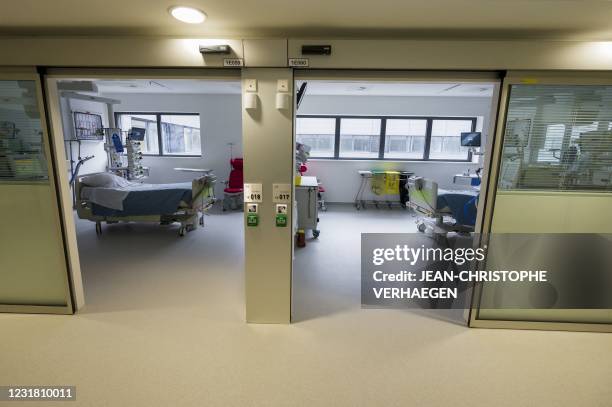 Picture taken on March 19 in Epinal, northeastern France shows the resuscitation unit of the new hospital Emile-Durkheim.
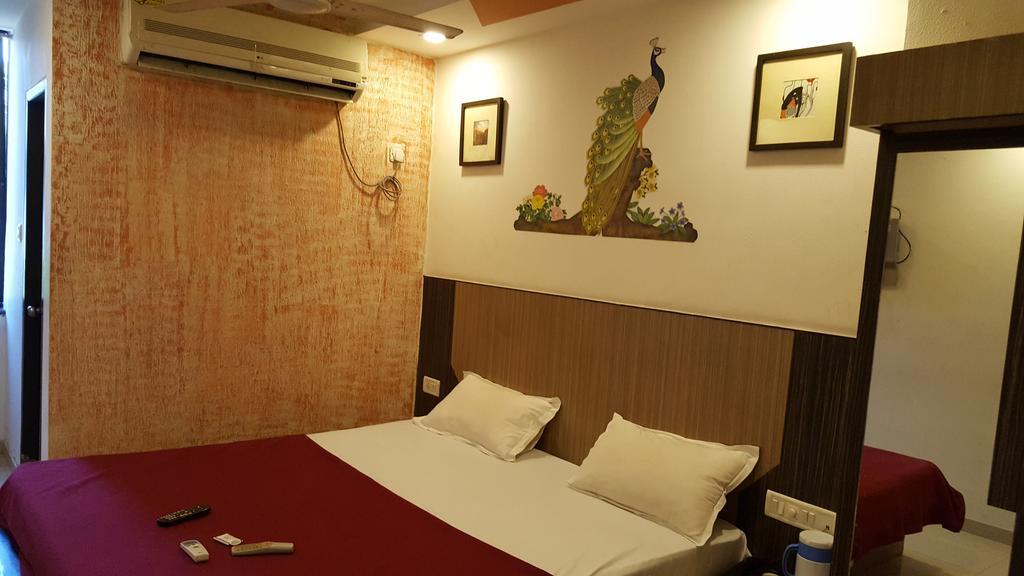 Hotel Relish วาโดดารา ภายนอก รูปภาพ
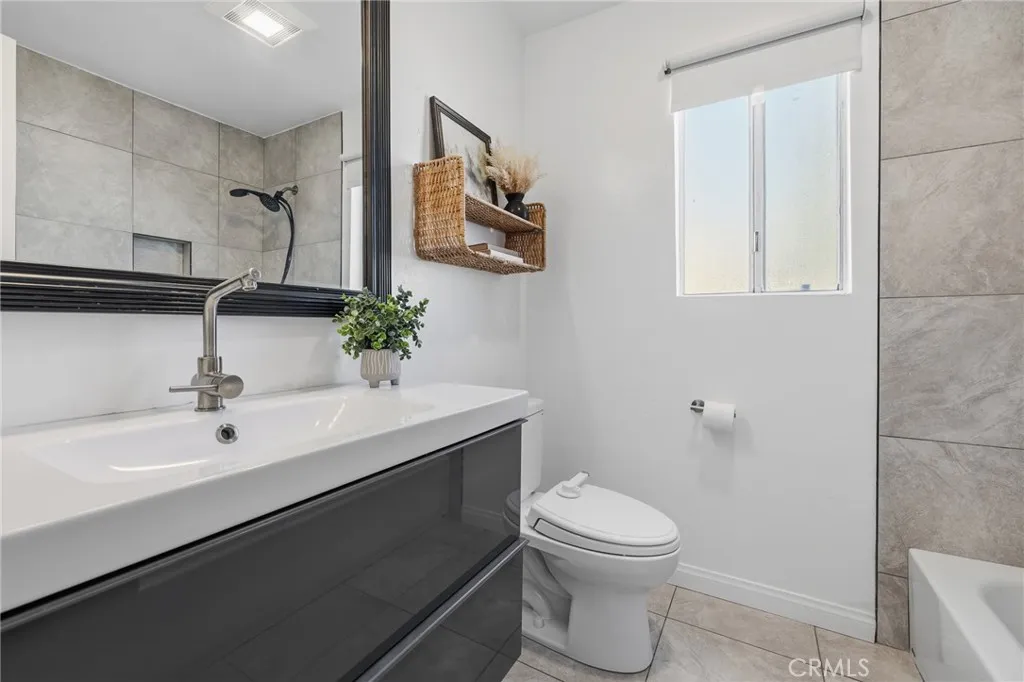 Additional image 76 of 13567 Valerio Street Unit F, Van Nuys, CA 91405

——

Task brief: Copy out the data above to the letter, and keep every picture out of it.

Result:
 Picture taken on March 19 in Epinal, northeastern France shows the resuscitation unit of the new hospital Emile-Durkheim.
 Hotel Relish วาโดดารา ภายนอก รูปภาพ
 Additional image 76 of 13567 Valerio Street Unit F, Van Nuys, CA 91405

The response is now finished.